Four Contributors To The Death Of Pool

I agree with the youth movement as it will increase the base. However we can all remember growing up and playing baseball, basketball, football ect. We had our heroes that inspired us from the pro level. I strongly feel that we need to have a strong pro tour developed that the youth can aspire too. We talk about alcohol and things like that. What if Budweiser for example became the large corporate sponsor? They sponsor many high level sports and pool could be no different. Just my 2 cents
 
They could be

I agree with the youth movement as it will increase the base. However we can all remember growing up and playing baseball, basketball, football ect. We had our heroes that inspired us from the pro level. I strongly feel that we need to have a strong pro tour developed that the youth can aspire too. We talk about alcohol and things like that. What if Budweiser for example became the large corporate sponsor? They sponsor many high level sports and pool could be no different. Just my 2 cents

Well they could be but if my memory serves me correctly there is codicil in law in this state in which alcohol distributors have to pay over any monies directly to the governing body of the sport.

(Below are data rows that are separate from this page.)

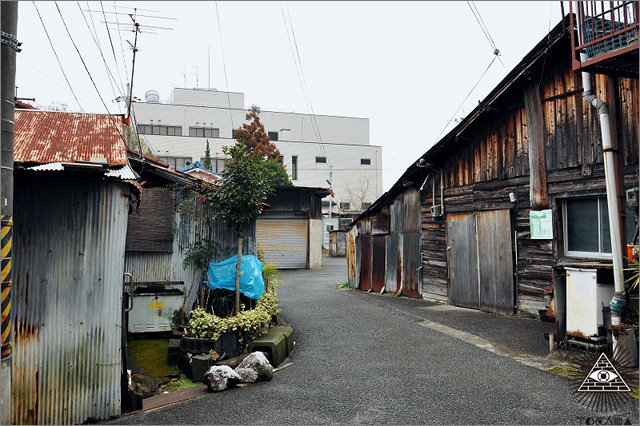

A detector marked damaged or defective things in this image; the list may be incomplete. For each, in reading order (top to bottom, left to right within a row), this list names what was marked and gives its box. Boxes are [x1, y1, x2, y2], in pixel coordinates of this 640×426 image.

rusty corrugated metal roof [15, 109, 129, 166]
rusty corrugated metal wall [13, 178, 129, 424]
rusty corrugated metal wall [125, 191, 255, 316] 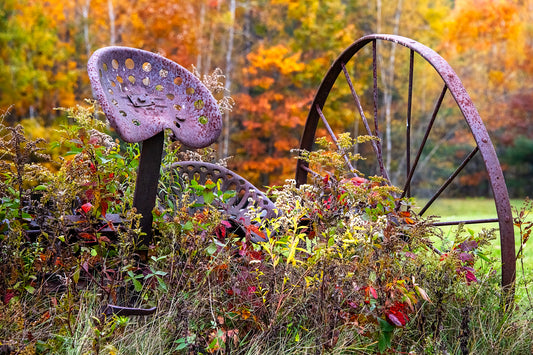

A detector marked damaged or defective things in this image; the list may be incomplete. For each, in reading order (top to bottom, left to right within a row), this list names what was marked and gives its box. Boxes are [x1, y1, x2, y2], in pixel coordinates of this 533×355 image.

rusty metal tractor seat [87, 46, 274, 248]
rusty metal frame [296, 34, 516, 294]
rusty iron wheel [296, 34, 516, 298] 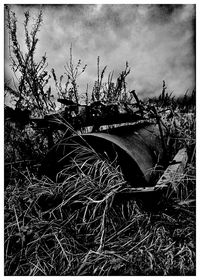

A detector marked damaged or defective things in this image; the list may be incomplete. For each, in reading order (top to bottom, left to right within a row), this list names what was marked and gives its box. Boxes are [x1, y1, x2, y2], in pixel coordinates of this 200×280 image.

rusted metal barrel [41, 123, 165, 187] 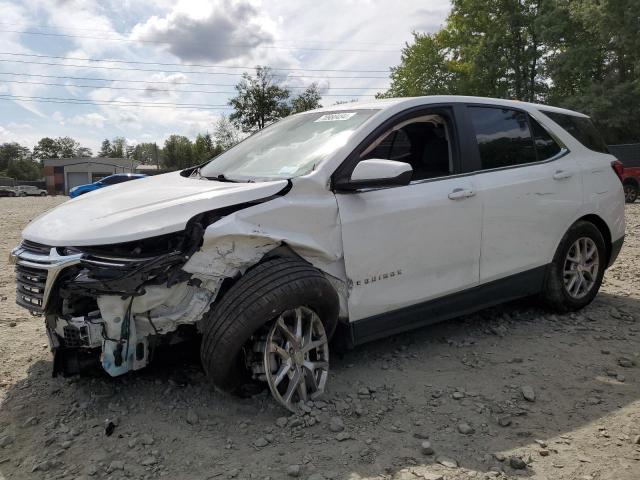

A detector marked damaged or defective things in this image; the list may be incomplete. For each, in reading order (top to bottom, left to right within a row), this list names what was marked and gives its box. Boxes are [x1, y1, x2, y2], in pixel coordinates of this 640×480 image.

crushed front end [9, 219, 220, 376]
damaged white suv [11, 95, 624, 410] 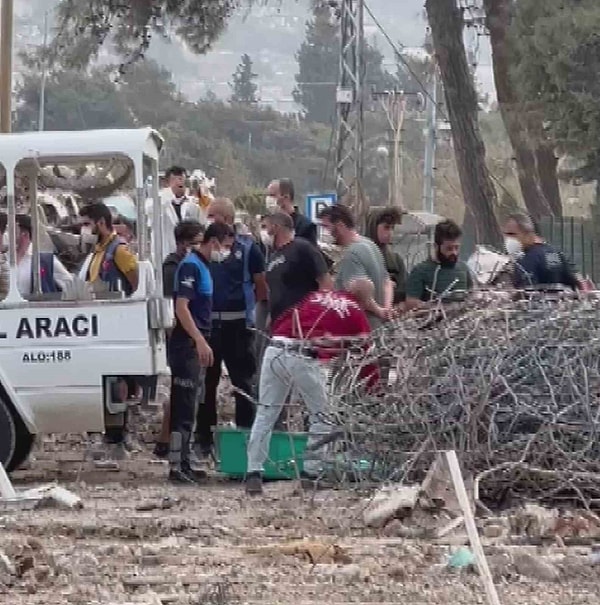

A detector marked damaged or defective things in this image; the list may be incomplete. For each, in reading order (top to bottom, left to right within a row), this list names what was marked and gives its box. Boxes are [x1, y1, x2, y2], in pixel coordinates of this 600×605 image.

rusty wire [316, 292, 600, 504] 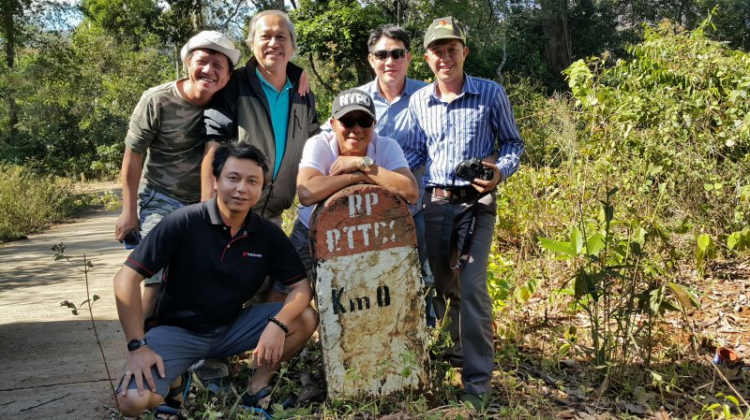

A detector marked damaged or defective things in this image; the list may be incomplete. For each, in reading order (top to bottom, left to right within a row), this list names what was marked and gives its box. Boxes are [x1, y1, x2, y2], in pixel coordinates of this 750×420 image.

rusty metal surface [312, 185, 428, 398] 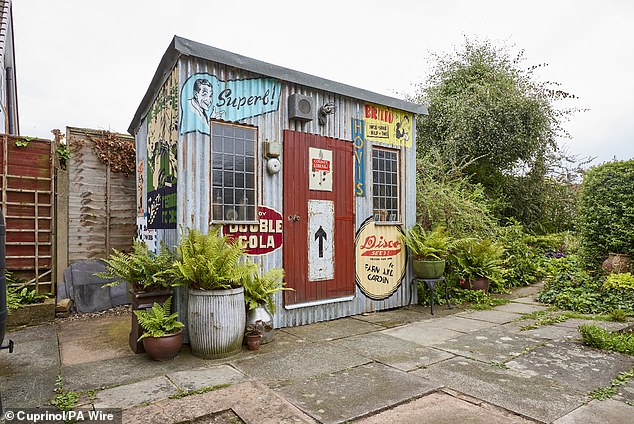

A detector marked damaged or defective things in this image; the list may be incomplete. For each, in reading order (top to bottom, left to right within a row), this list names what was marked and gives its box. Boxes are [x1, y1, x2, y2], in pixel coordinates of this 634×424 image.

rusty metal panel [0, 135, 53, 292]
rusty metal panel [65, 127, 136, 264] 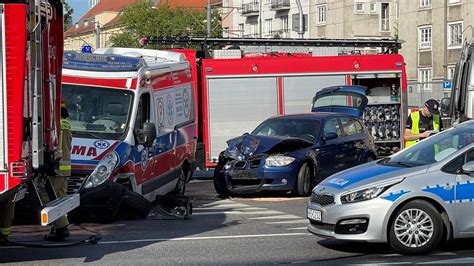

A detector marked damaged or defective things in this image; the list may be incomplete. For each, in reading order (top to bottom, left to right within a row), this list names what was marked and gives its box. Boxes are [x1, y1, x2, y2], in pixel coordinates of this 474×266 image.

blue car crumpled hood [224, 134, 312, 159]
damaged blue car [213, 86, 376, 196]
blue car crumpled hood [322, 160, 430, 191] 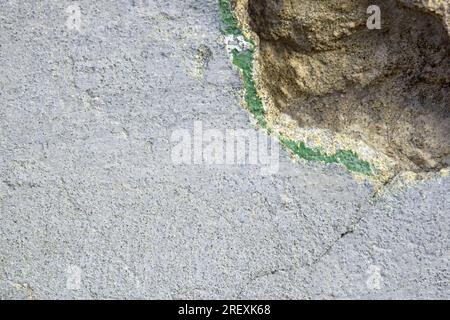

So do you think we would see any trickle down on that one?
 
This is laughable... talk about myopic vision.

The writer, obviously an instructor, sees pool's solution as an instructor's dream world, where government provides jobs for instructors in schools and pool halls turn their businesses into training clinics for instructors. I'd assume he'd expect access to these facilities free of charge, because all that instruction is gonna revolutionize the game.... hmmm.. somehow. And naturally, TV production of the sport, via reality shows, would have instructors as the stars. LOL

Not sure what game... one of those breaking competition games I assume, that no one wants to watch on TV.

The elephant in the room is the product.

I agree that the guy is portraying the future of pool as an instructors wet dream...The truth is that pool has many sides to it. There is bar pool, hustling, amateur handicaped leagues and serious competitive leagues as well as the professional side to it. In the US the two latter categories are suffering at the moment. Because of the pool halls closing and the tables being changed to 7 footers you get serious recruitment and talent development problems. He is not wrong on that point.

The truth is that pool has to compete with a million other recreational activities for the attention of young people, and it must be said that some of those activities will look and be more exciting than pool to the average young person. The bad reputation pool has does not help sell the sport to parents, and with nowhere to practice except at home (if the kid is very lucky indeed), it will be hard to develop a strong talent base.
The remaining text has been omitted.